Across the entries that follow, count the lines with the string "Security" and reply with that count alone.

▶

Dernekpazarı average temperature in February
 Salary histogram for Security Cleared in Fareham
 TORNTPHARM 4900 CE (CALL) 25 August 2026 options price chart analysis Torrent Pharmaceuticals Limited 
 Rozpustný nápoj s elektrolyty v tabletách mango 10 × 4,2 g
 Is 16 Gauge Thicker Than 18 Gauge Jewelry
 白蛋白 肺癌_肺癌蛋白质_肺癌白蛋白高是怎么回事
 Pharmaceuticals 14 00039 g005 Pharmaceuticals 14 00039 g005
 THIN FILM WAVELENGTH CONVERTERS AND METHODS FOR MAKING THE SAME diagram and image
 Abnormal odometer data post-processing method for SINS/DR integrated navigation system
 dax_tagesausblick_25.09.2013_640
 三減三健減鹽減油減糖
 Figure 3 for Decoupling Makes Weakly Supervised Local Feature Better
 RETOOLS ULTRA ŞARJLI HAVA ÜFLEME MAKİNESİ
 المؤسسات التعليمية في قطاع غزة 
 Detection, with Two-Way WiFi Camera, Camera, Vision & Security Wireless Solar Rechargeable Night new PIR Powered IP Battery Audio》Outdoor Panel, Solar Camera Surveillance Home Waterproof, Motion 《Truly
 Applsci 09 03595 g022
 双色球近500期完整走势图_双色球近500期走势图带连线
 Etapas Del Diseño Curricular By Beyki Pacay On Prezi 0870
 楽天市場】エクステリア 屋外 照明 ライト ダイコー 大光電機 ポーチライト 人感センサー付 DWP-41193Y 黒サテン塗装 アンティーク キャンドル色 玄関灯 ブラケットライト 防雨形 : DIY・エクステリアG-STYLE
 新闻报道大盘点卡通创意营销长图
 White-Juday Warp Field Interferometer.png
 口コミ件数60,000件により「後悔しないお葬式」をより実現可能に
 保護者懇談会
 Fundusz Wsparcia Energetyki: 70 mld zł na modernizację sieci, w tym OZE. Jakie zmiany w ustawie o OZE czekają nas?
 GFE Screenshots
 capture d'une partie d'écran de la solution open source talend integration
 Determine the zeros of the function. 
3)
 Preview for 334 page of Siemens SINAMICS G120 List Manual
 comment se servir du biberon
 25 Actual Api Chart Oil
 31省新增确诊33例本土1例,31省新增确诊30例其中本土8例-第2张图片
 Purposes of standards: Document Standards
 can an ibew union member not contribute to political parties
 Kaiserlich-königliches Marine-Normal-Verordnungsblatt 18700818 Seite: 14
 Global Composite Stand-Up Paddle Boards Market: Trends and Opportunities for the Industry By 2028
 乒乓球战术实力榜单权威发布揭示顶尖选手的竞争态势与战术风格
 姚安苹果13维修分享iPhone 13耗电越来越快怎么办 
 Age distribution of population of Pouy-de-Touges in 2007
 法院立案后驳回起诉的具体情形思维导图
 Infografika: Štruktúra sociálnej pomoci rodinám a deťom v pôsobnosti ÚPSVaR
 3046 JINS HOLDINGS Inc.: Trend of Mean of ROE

◀

## Response box
2